__TO DO__:
Taking the entries below, transcribe only the lines starting with the one with "recombinant human mmp-14/mt1-mmp" and going on through the one with "Methods for Modulation", exactly as written, without the pictures.

__DATASET RECORDS__:
━━━━━━

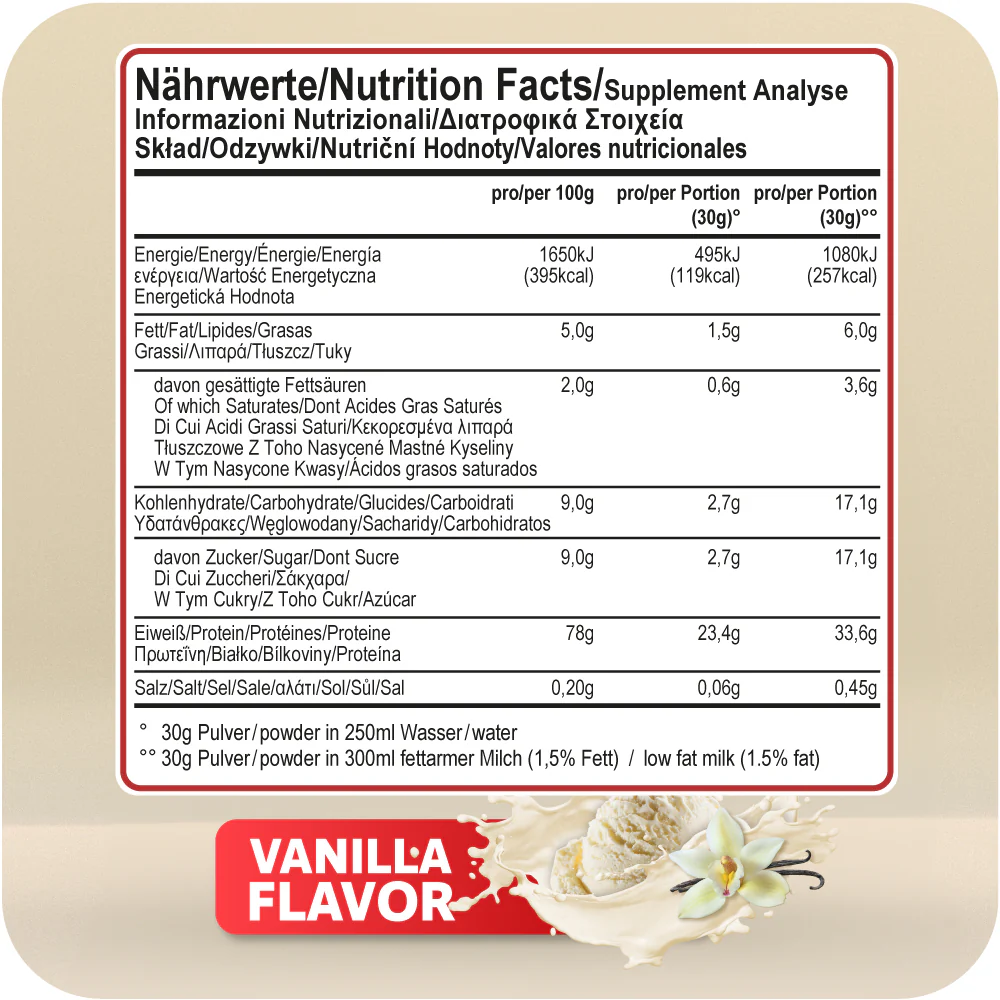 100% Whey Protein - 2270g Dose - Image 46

━━━━━━

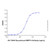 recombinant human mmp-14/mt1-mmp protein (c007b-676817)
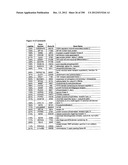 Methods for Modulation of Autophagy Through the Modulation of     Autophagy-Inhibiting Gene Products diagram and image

━━━━━━

__EXERCISE OUTPUT__:
 recombinant human mmp-14/mt1-mmp protein (c007b-676817)
 Methods for Modulation of Autophagy Through the Modulation of     Autophagy-Inhibiting Gene Products diagram and image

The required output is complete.